The positioning of the top sheet or foil 12 therefore proceeds simulaneously with or, more accurately, slightly before, the positioning of the film curtain around the load 1 so that the skirts 13 of the top sheet 12 can be trapped by the curtain 2 immediately after positioning.
The invention also relates to a pass-through process for wrapping a load 1 in which an initial transverse film curtain 2 is formed before the front surface 5, the load 1 moves towards the curtain 2, the same is deformed to cover the front surface 5 and side surface 6 of the load 1, the load 1 stops, the film curtain 2 is deformed transversely to engage the film 2 with the rear surface 7 of the load 1, the film 2 is cut and double-welded transversely, and the load 1 is wrapped in two consecutive and separate passes, one in which the film 2 is contiguous with or near the bottom surface 3 of the load 1 and the other in which the film 2 is contiguous with or near the top surface 4.
To this end, two films 2 each of a width less than the height of the load 1 between the top surface 3 and bottom surface 4 are used, the sum of the two widths being greater than the height of the load 1 so that the two films overlap, notably in the mid-part of load height.
Preferably, first the film contiguous with the bottom surface 3 and then, more particularly soon thereafter, the film contiguous with the top surface 4 are positioned, two films of the same widths and same characteristics being used.
One particular application of this process uses a stretchable film 2 and the load 1 is wrapped with prestressing of the stretchable film for each pass by the process hereinbefore described.

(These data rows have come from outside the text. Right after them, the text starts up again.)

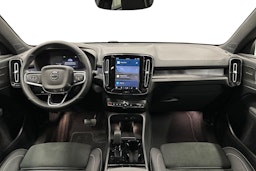 valkoinen Volvo C40 2023 kuva 9.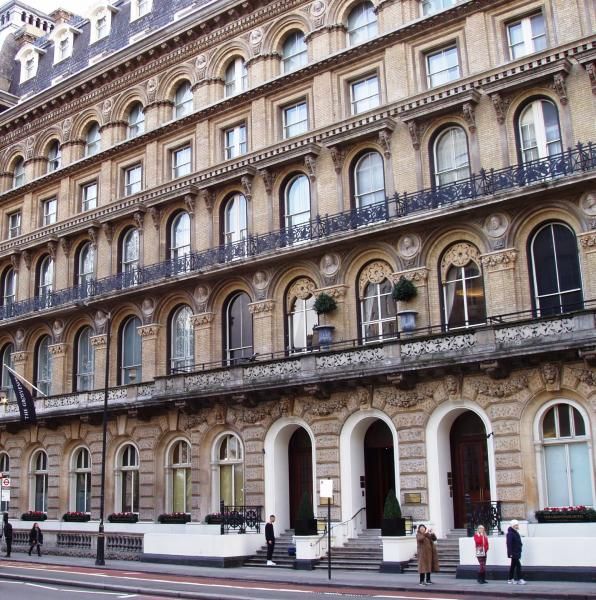 Grosvenor Hotel entrance. (Pub, External, Key). Published on 01-02-2015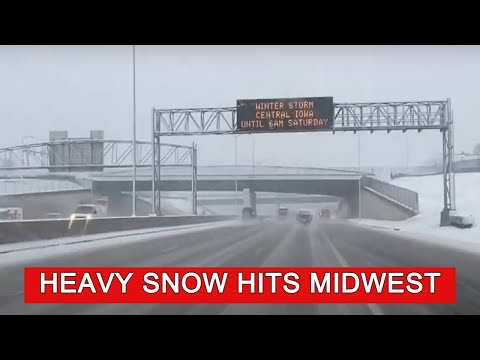Snowstorm highlights from Des Moines, IA - 1/14/2022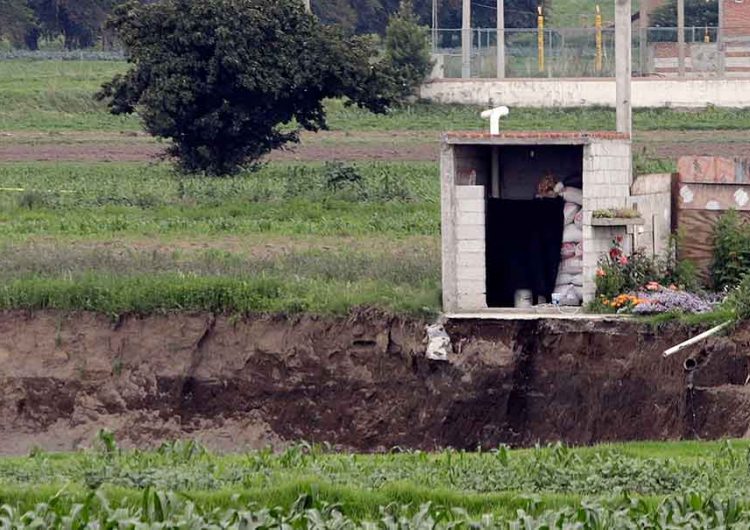 El socavón se traga casa en Juan C. Bonilla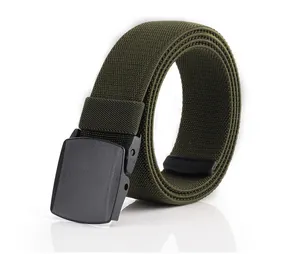 Détail de la ceinture en nylon élastique vert armée avec boucle YKK noire et texture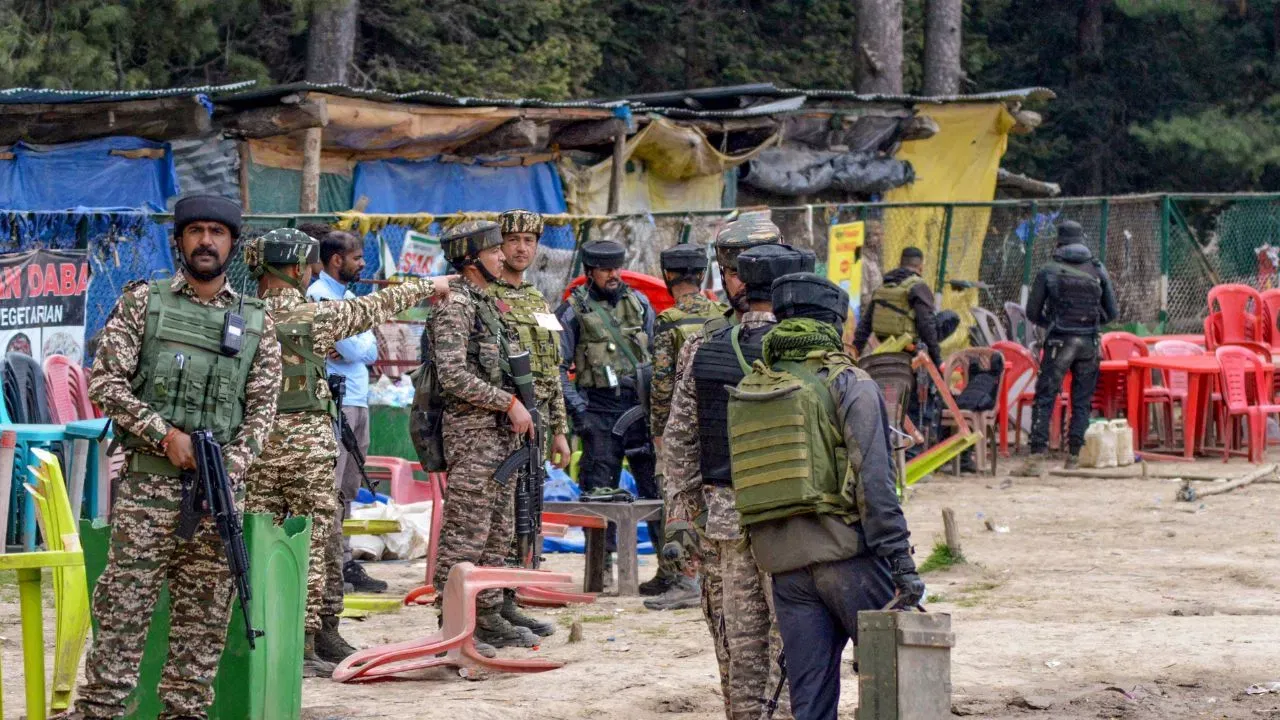 रजा साठवण्याची मर्यादा: जवानांना त्यांच्या पूर्ण सेवा कालावधीत जास्तीत जास्त ३०० दिवसांची रजा साठवता येते (Accumulate). यापेक्षा जास्त रजा झाल्यास ती व्यपगत (Lapse) होऊ शकते. 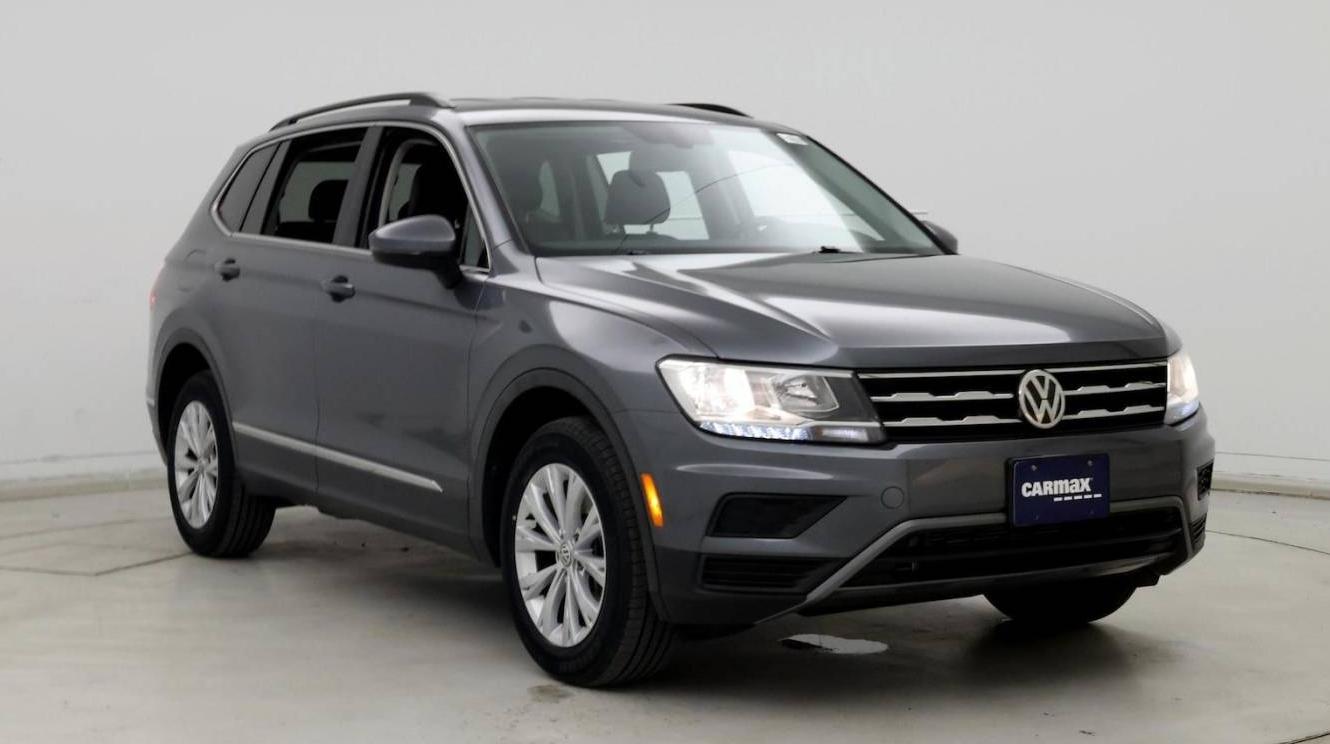 VOLKSWAGEN TIGUAN 2018 3VV2B7AX4JM132752 image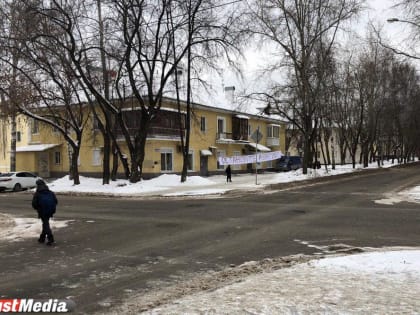 На перекрестке Стачек-Энтузиастов, где в ДТП погиб пешеход, появился транспарант «Остановите аварии»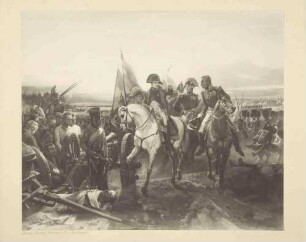 Kaiser Napoleon I. mit Offiziersgefolge, zu Pferd, nach geschlagener Schlacht das Schlachtfeld bei Friedland am 14.06.1807 besichtigend, im Vordergrund links Gefallener, Verwundete bei Geschützstellung, rechts Infanteristen, Verwundetentransport
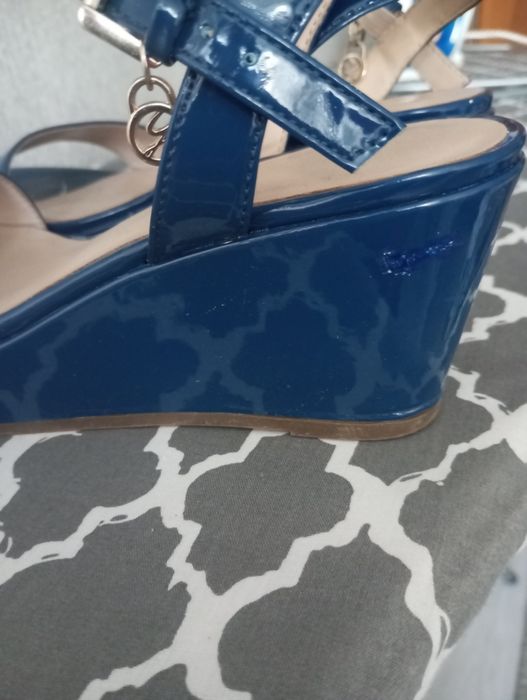 Ładne buty lakierki damskie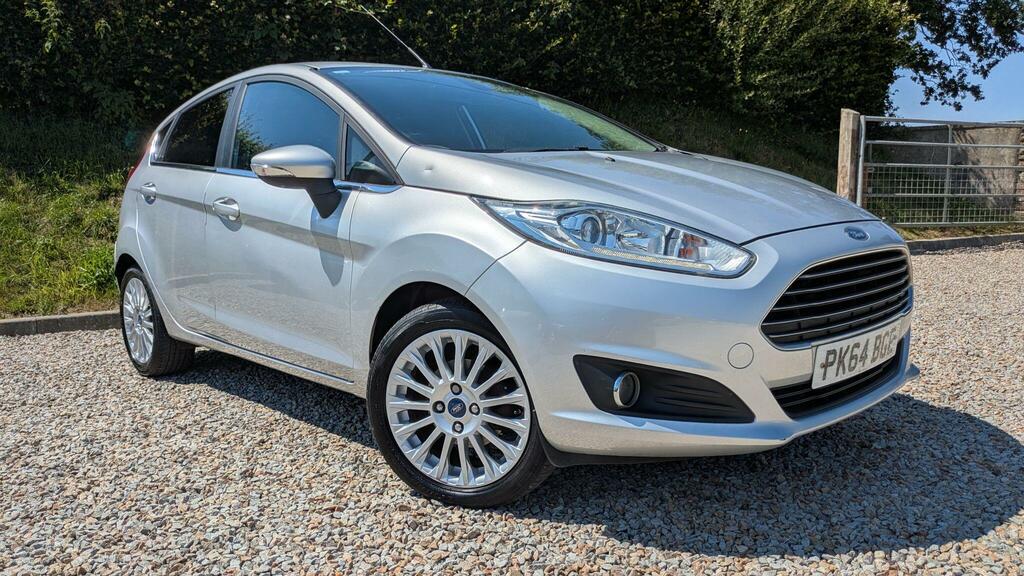 Ford Fiesta Titanium Silver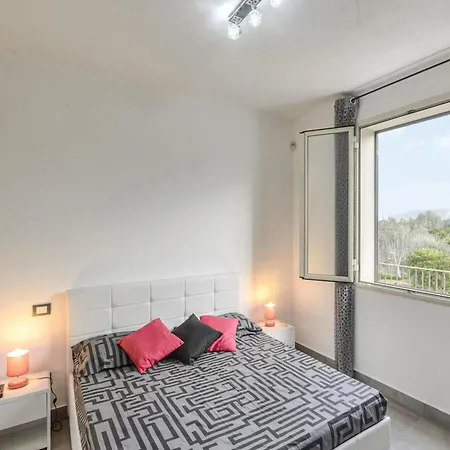 Spacious In Siracusa With Private Garden Floridia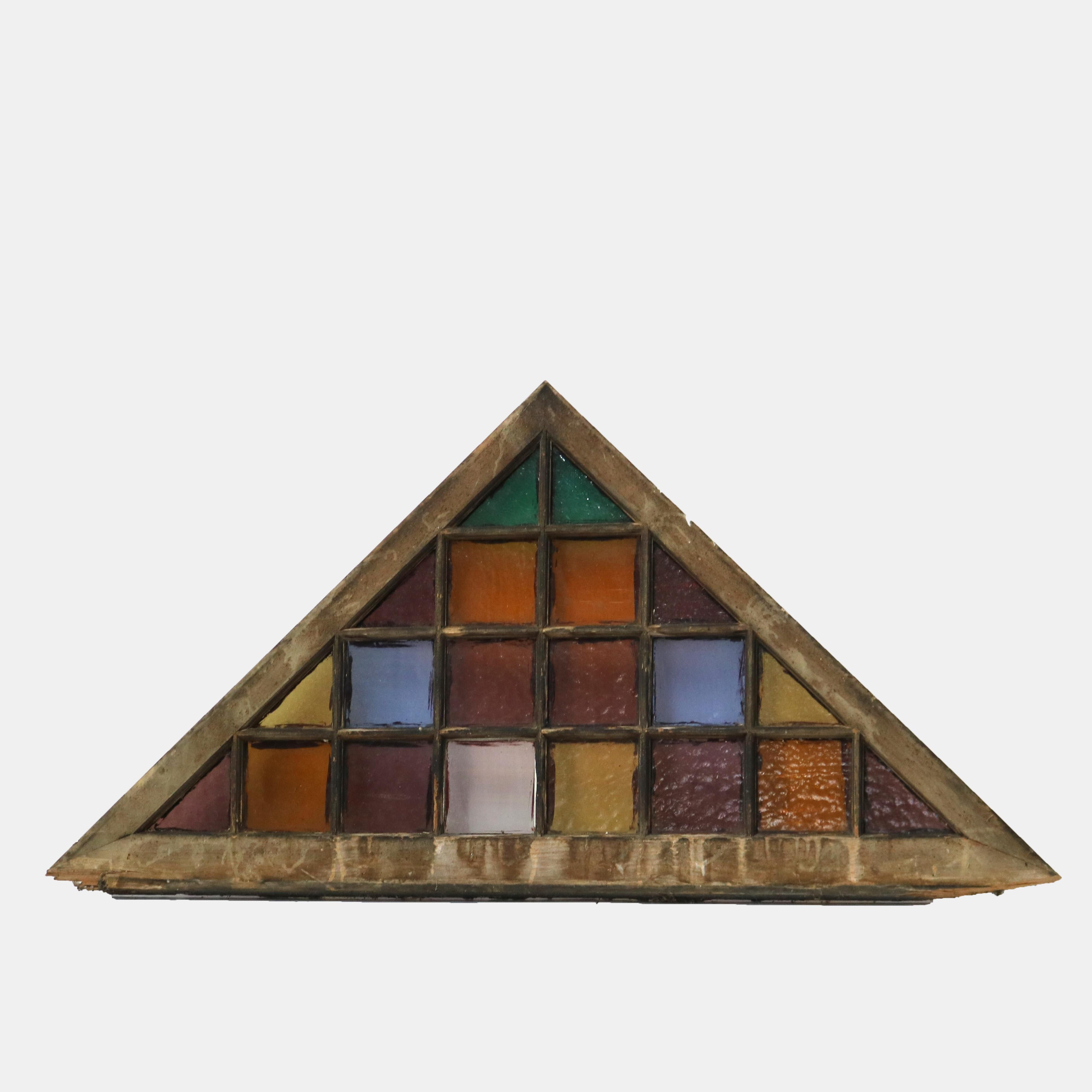 Vitrail de fenêtre triangulaire Arts & Crafts architectural antique C1920 Bon état - En vente à Big Flats, NY
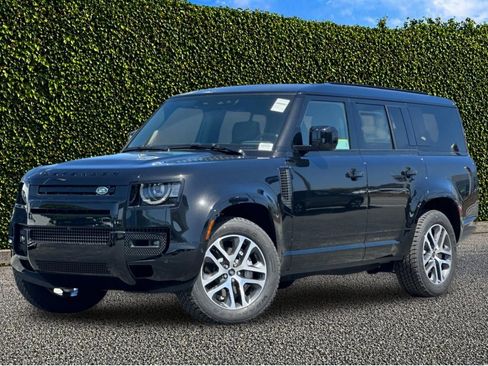 New 2024 Land Rover Defender 130 X-Dynamic SE AWD/4WD image 1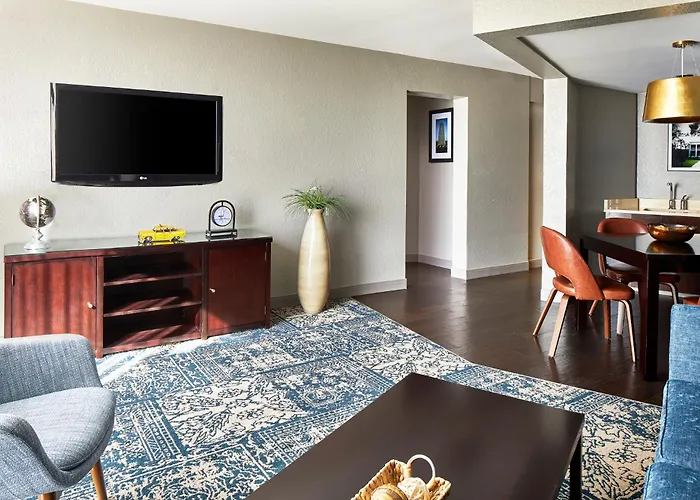 Hotel Four Points By Sheraton Downtown 4*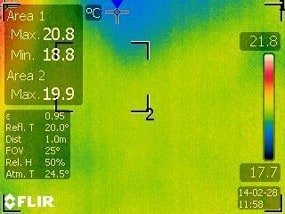 איתור נזילות מים - השתקפות הספה במצלמה התרמית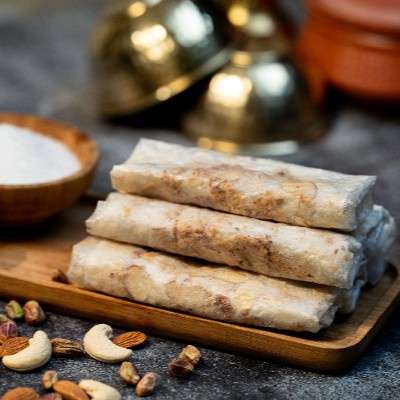 Pootharekulu / Sugar With Dry Fruits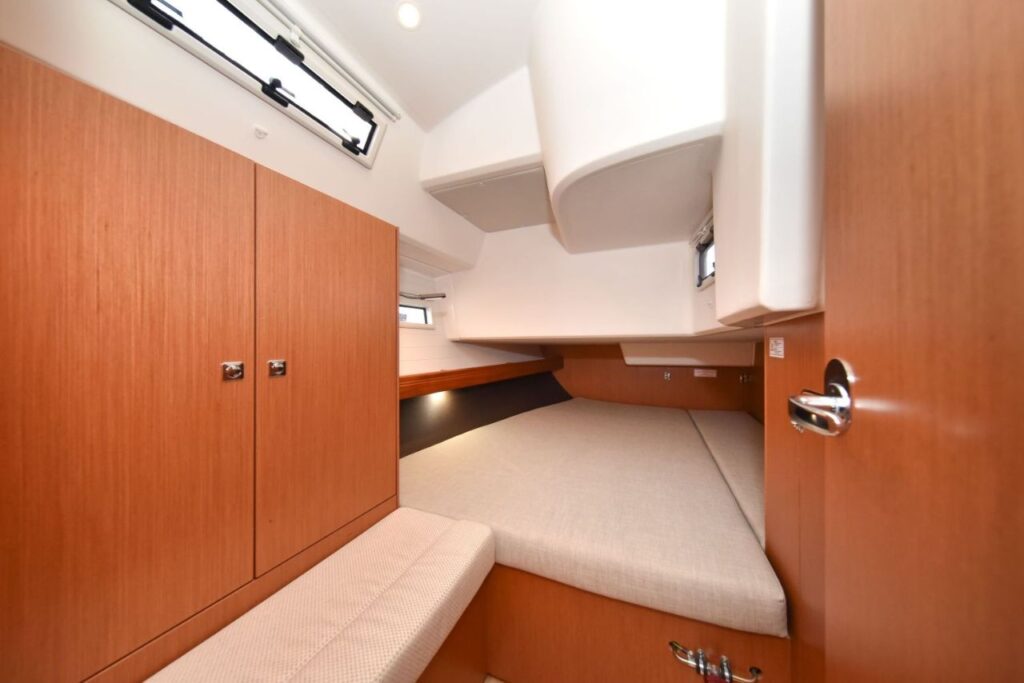Yacht Image 32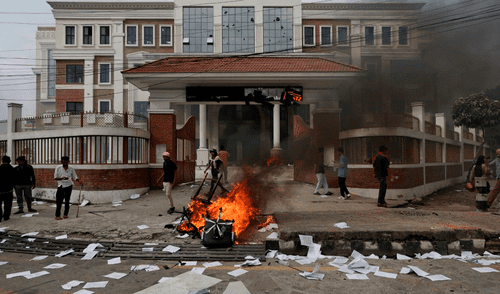 Las manifestaciones en Nepal van dejando 25 muertos y más de 500 heridos.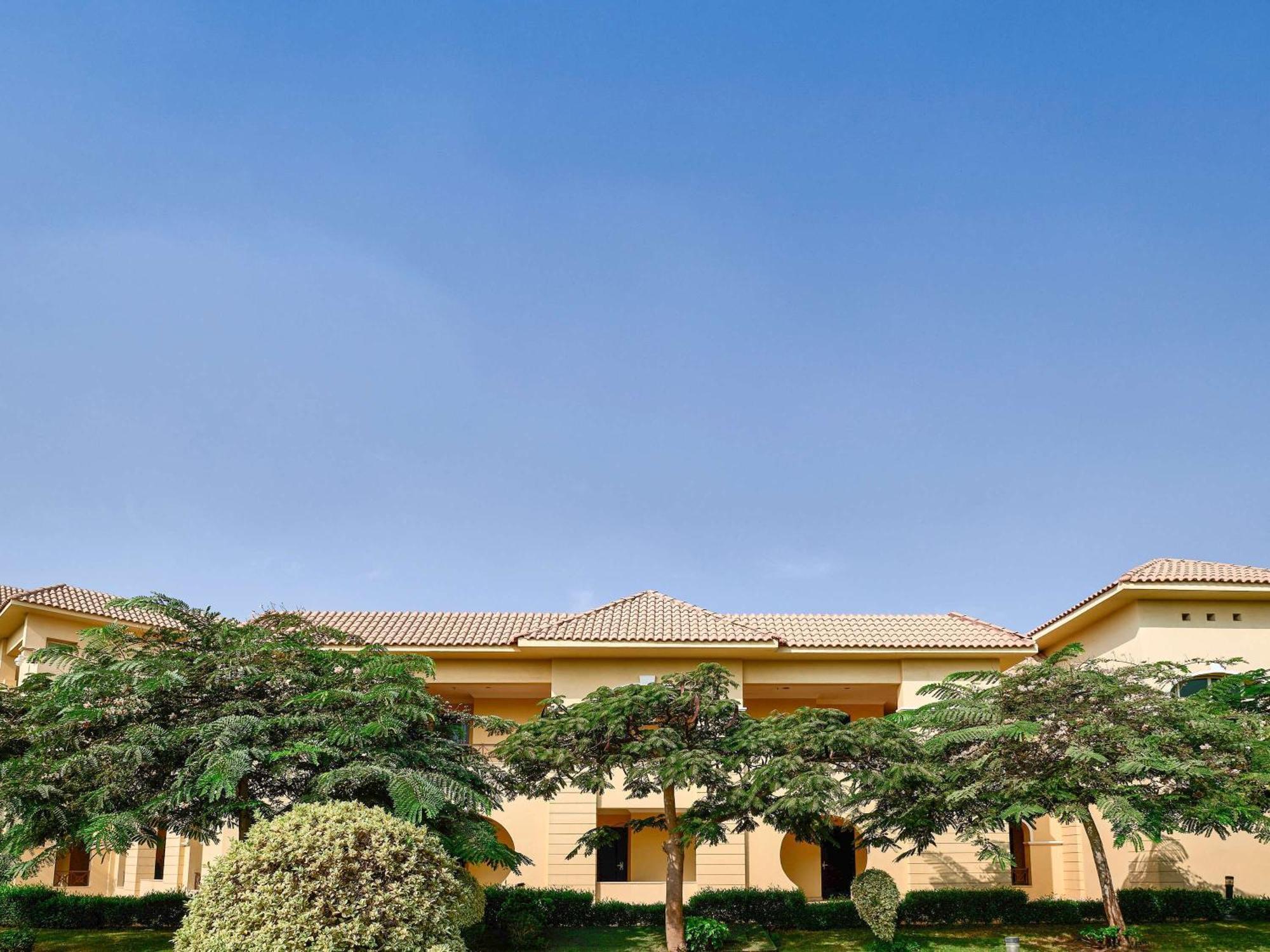 Moevenpick Hotel Cairo - Media City Giza Exterior photo The American University of Cairo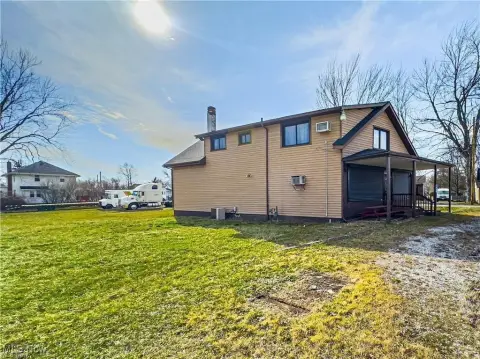 Akron Retail and Residential Property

The general advantage of this two-pass process is that the process and apparatus have great versatility to deal with loads 1 of different heights. The two-pass process with pre-stretching has the further advantages of avoiding the use of films which are too wide for very high loads 1 and of enabling the clamping to be reinforced in the central zone.
The invention also relates to an apparatus for pass-through wrapping of a load 1 with pre-stretching of the stretchable film 2, of use more particularly for carrying out the process hereinbefore described, the apparatus comprising: a powered conveyor adapted to carry the load 1 and defining a movement track therefor, the conveyor being disposed substantially horizontally and being more particularly a roller conveyor; and a unit for placing pre-stretched film 2 on the load 1 and comprising two reel supports whose axes are substantially vertical and which are symmetrical of the conveyor 9; two pre-stretching means 11 extending parallel to the reels 8 and also symmetrical of the conveyor 9; two jaws 14 for cutting and transverse welding of the film 2, the jaws also extending parallel to the reels 8 and being disposed symmetrically of the conveyor 9 and being movable between two end positions--a spaced-apart position in which the load 1 can pass between them, and a close-together position in which they engage one another.
The two pre-stretching means 11 are adapted to move transversely between two end positions--a spaced-apart position, in which the load can pass between them, and a close position in which they are near one another.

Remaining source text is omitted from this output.